Work to complete: Word for word, copy out the entries below, but not the pictures in them.

○ ○ ○ ○ ○

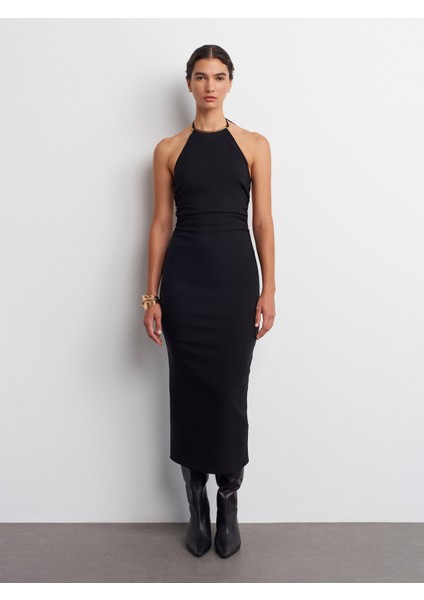 91518 Halter Yaka Midi Elbise-Siyah modelleri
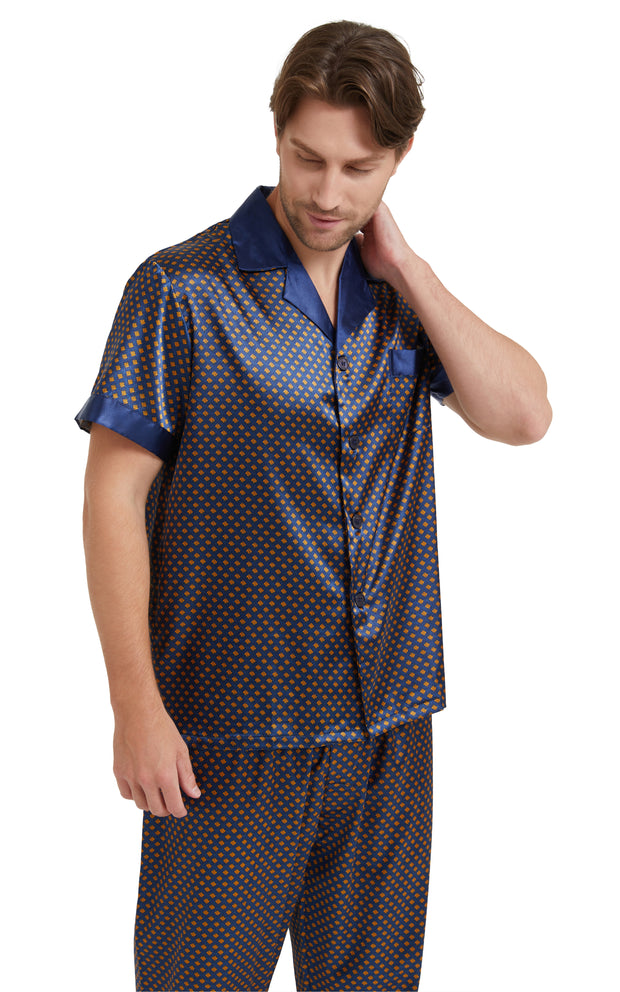 Men's Silk Satin Pajama Set Short Sleeve Loungewear with Long Pants-Navy and Golden Diamond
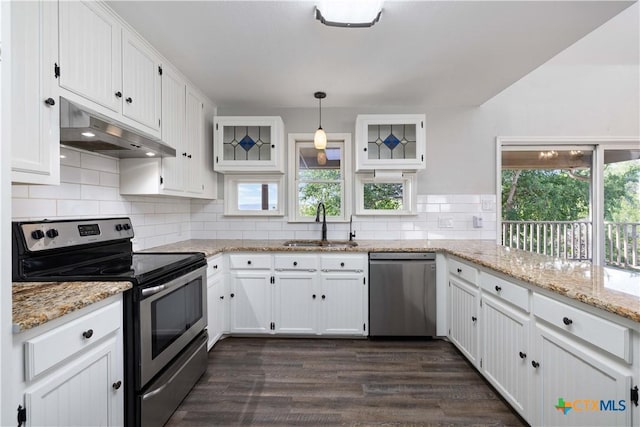 514 Eden Ranch Dr, Canyon Lake, TX 78133 - kitchen with appliances with stainless steel finishes, under cabinet range hood, white cabinets, dark wood-style flooring, and decorative backsplash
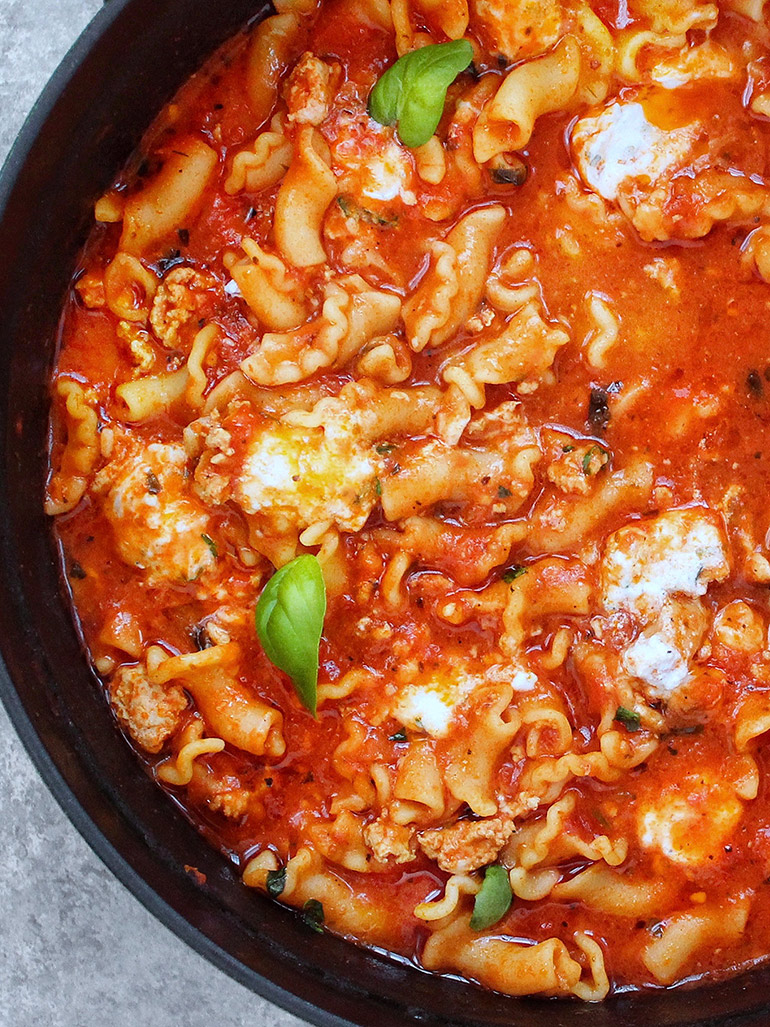 closeup of one pot lasagna soup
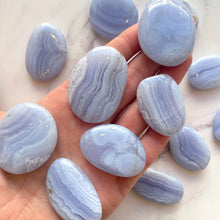 Load image into Gallery viewer, BLUE LACE AGATE PALM STONES tumble stone The Crystal Avenues 
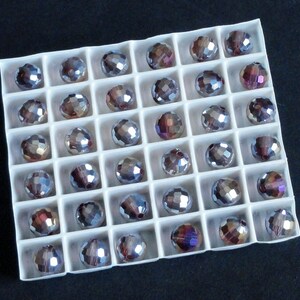 12pc - 6mm Thunder Polish Crystal Amethyst AB 2X Facet Disco Ball Spacer Beads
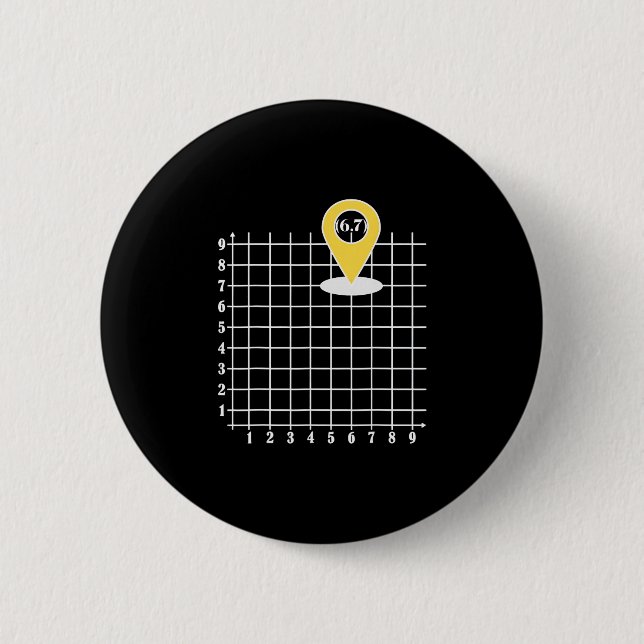 Coordinate 6 Number 67 Six Seven Meme  Button (Front)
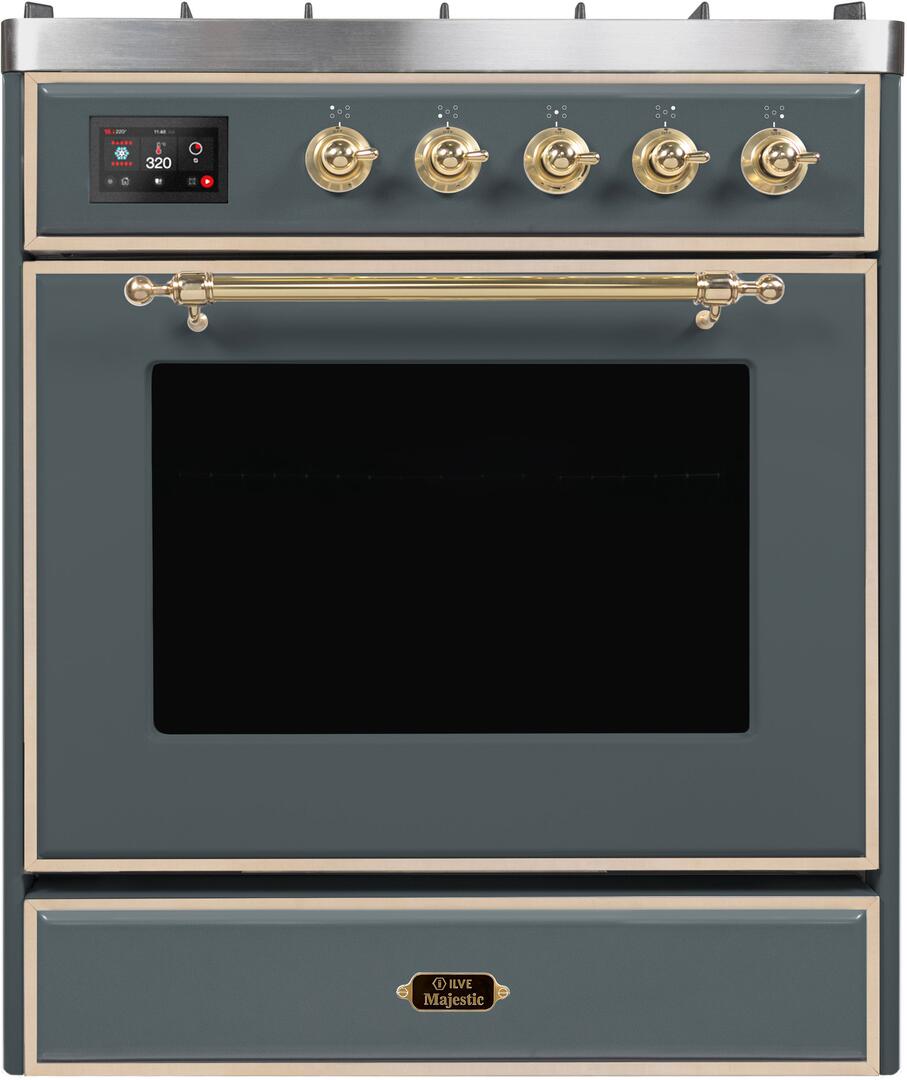 Ilve UM30DNE3BGG Majestic Ii 30 Inch Dual Fuel Natural Gas Freestanding Range In Blue Grey With Brass Trim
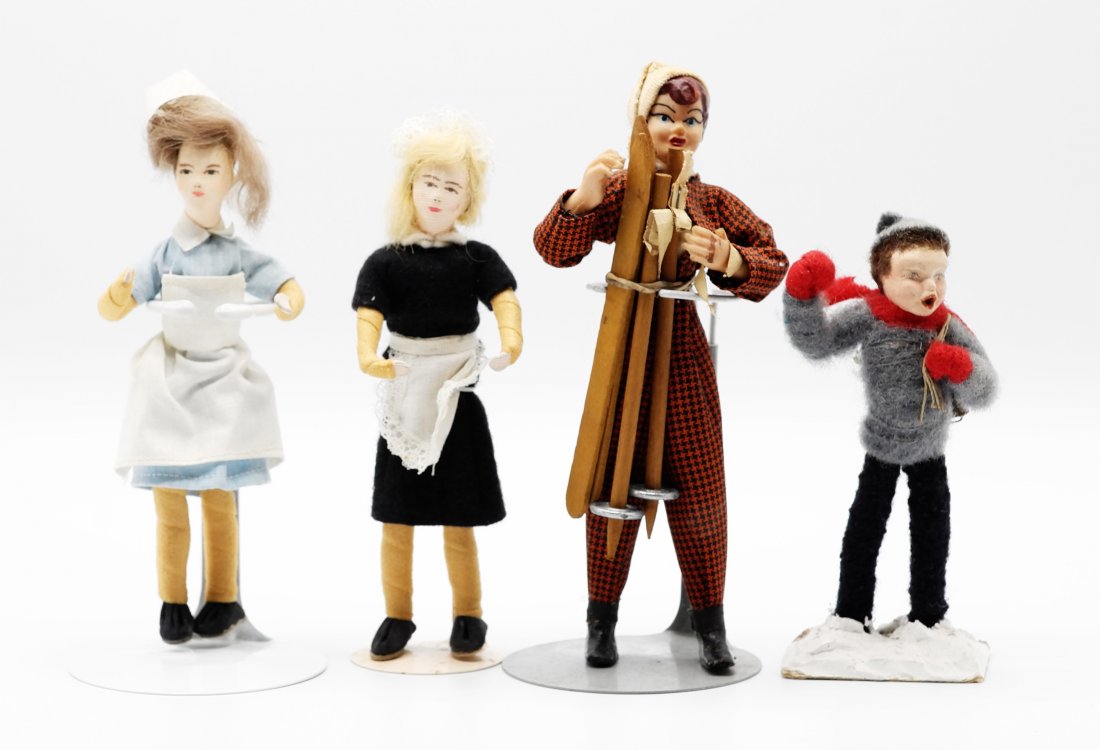 Vintage Dollhouse Dolls: Polly Bellows ceramic girl skater dressed in felt 5.25"H, rubber skier with wood skis and poles 6.75"H, two painted cloth head maid dolls 6"H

○ ○ ○ ○ ○

Result for this task:
 91518 Halter Yaka Midi Elbise-Siyah modelleri
 Men's Silk Satin Pajama Set Short Sleeve Loungewear with Long Pants-Navy and Golden Diamond
 514 Eden Ranch Dr, Canyon Lake, TX 78133 - kitchen with appliances with stainless steel finishes, under cabinet range hood, white cabinets, dark wood-style flooring, and decorative backsplash
 closeup of one pot lasagna soup
 Load image into Gallery viewer, BLUE LACE AGATE PALM STONES tumble stone The Crystal Avenues 
 12pc - 6mm Thunder Polish Crystal Amethyst AB 2X Facet Disco Ball Spacer Beads
 Coordinate 6 Number 67 Six Seven Meme  Button (Front)
 Ilve UM30DNE3BGG Majestic Ii 30 Inch Dual Fuel Natural Gas Freestanding Range In Blue Grey With Brass Trim
 Vintage Dollhouse Dolls: Polly Bellows ceramic girl skater dressed in felt 5.25"H, rubber skier with wood skis and poles 6.75"H, two painted cloth head maid dolls 6"H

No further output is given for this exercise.